Their “landscapes of resistance,” to borrow from the title of Barton Byg’s book, provide an apt starting point for considering the work of another duo working in a parallel field, Dutch artists Lonnie van Brummelen and Siebren de Haan. The two have been collaborating for over a decade on installations, films, texts, performances, and curatorial projects, many of which cohere around the shifting politics of representation. Their practice is largely research-based, with personal incursions into the complicated terrain of governmental policy (especially that of the European Union), institutional rhetoric, and worrisome bureaucratic hindrances of all sorts, including the near absurd. Theirs is a steadfast and ongoing commitment to freedom of expression and civil liberties, hewing close to the land, in all of its beauty and contradictions. Their institutional critiques often lead them down sinewy and labyrinthine paths of resistance, both physical and metaphorical. Perspective, point-of-view, and position are tantamount to their socio-political investigations—ones that use works of art (their own, and others) in order to explore issues of heritage, contemporary and historical appropriation, and the blurring that has inevitably resulted along the way. Adaptation and re-interpretation are thus, as in Straub-Huillet, the conditions of contemporaneity in which the act of really looking at the world insists that we look back so that we see ruins and monuments in conjunction with a stunning spray of cumulus clouds across an open sky or a forest that seems to be painted in a sfumato green but breathes oxygen into the world.
Van Brummelen and de Haan shuttle not only between media, but also between the boundaries of what is permissible, possible, and porous. They’ve become quite adept at circumnavigating obstructions (Obstructions being the title of one of their early films, from 2003), blockades, and congestion, and making these very conditions not only the subtext of their art-making, but the subjects themselves. While this may sound dense, deeply philosophical, and ideologically charged, the astonishing beauty of their films arguably transcends the framework in which they impressively participate, both within and outside of the gallery setting. A unique blend of documentary realism, lush landscape, sculptural abstraction, and narrative suspense, the films display as much formal precision as they do a generosity of vision. Ambiguity is never ruled out, threatening to subvert the long path already taken (always steadfast and termite-like, and, yes, paradoxically, monumental).

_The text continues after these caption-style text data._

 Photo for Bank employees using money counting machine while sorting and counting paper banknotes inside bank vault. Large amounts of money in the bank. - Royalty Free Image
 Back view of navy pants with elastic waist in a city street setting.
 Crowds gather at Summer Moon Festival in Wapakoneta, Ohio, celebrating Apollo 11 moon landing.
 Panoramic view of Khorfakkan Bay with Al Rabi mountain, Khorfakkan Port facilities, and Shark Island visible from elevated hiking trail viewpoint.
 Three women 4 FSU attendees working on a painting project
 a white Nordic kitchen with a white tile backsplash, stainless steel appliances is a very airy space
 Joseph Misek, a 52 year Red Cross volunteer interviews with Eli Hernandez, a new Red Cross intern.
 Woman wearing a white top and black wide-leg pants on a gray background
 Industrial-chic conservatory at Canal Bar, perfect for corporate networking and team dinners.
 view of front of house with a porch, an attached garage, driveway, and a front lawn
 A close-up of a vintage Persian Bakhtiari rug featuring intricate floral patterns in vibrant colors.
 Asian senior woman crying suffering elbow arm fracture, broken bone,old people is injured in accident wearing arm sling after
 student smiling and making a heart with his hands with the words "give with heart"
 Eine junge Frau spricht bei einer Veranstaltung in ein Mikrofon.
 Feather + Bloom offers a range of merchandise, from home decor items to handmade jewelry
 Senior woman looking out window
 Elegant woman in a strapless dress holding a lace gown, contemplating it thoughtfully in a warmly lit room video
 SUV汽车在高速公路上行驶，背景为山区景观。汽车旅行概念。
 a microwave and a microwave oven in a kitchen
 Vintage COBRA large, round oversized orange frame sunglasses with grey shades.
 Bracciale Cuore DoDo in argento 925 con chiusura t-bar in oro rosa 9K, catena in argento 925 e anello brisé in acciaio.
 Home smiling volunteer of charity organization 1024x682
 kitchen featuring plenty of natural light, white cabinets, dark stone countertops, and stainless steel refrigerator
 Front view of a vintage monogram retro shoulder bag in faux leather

With a predilection for triptychs and diptychs, van Brummelen and de Haan’s work is indeed grand but never imposing. The work is filled with questions, hesitations (pentimenti as swirling grain), admiration, and frustration—they exude a sort of modest confidence rather than a grandiloquence. “Autonomy as strategy,” the title of one of their essays, aptly sums up the duo’s readiness to go beyond aesthetic, geographic, conceptual, and restrictive boundaries, but also to step outside in order to make work that is as beautiful as it is urgent. And for it to be considered in different contexts and configurations—not unlike the conditions of their subjects. Having exhibited internationally in museums such as the Palais de Tokyo in Paris and the Museum Boijmans in Rotterdam, their films have rarely shown in festivals, though I first encountered their work (Lefkosia, the third part of Grossraum [Borders of Europe]) in 2006 at the International Short Film Festival Oberhausen in Akram Zaatari’s extraordinarily rich and expertly curated program, “Radical Closure: Send me to the seas of love, I’m drowning in my blood.” I’ve admired everything since.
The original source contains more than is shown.